WORK REQUEST
Copy out the data below. Keep every word as it is.

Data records
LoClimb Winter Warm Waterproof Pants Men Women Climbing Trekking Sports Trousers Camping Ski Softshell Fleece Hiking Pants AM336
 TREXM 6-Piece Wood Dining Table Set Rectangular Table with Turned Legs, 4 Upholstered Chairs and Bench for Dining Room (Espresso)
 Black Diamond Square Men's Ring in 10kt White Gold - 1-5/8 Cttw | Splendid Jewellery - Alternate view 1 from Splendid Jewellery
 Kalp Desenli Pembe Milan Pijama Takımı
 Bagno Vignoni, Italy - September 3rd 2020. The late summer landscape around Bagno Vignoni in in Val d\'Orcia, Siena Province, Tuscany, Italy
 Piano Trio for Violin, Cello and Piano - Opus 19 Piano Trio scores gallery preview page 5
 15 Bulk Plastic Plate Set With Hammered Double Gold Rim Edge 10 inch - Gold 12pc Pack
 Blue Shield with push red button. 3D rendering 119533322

RESPONSE TO THIS EXERCISE
LoClimb Winter Warm Waterproof Pants Men Women Climbing Trekking Sports Trousers Camping Ski Softshell Fleece Hiking Pants AM336
 TREXM 6-Piece Wood Dining Table Set Rectangular Table with Turned Legs, 4 Upholstered Chairs and Bench for Dining Room (Espresso)
 Black Diamond Square Men's Ring in 10kt White Gold - 1-5/8 Cttw | Splendid Jewellery - Alternate view 1 from Splendid Jewellery
 Kalp Desenli Pembe Milan Pijama Takımı
 Bagno Vignoni, Italy - September 3rd 2020. The late summer landscape around Bagno Vignoni in in Val d\'Orcia, Siena Province, Tuscany, Italy
 Piano Trio for Violin, Cello and Piano - Opus 19 Piano Trio scores gallery preview page 5
 15 Bulk Plastic Plate Set With Hammered Double Gold Rim Edge 10 inch - Gold 12pc Pack
 Blue Shield with push red button. 3D rendering 119533322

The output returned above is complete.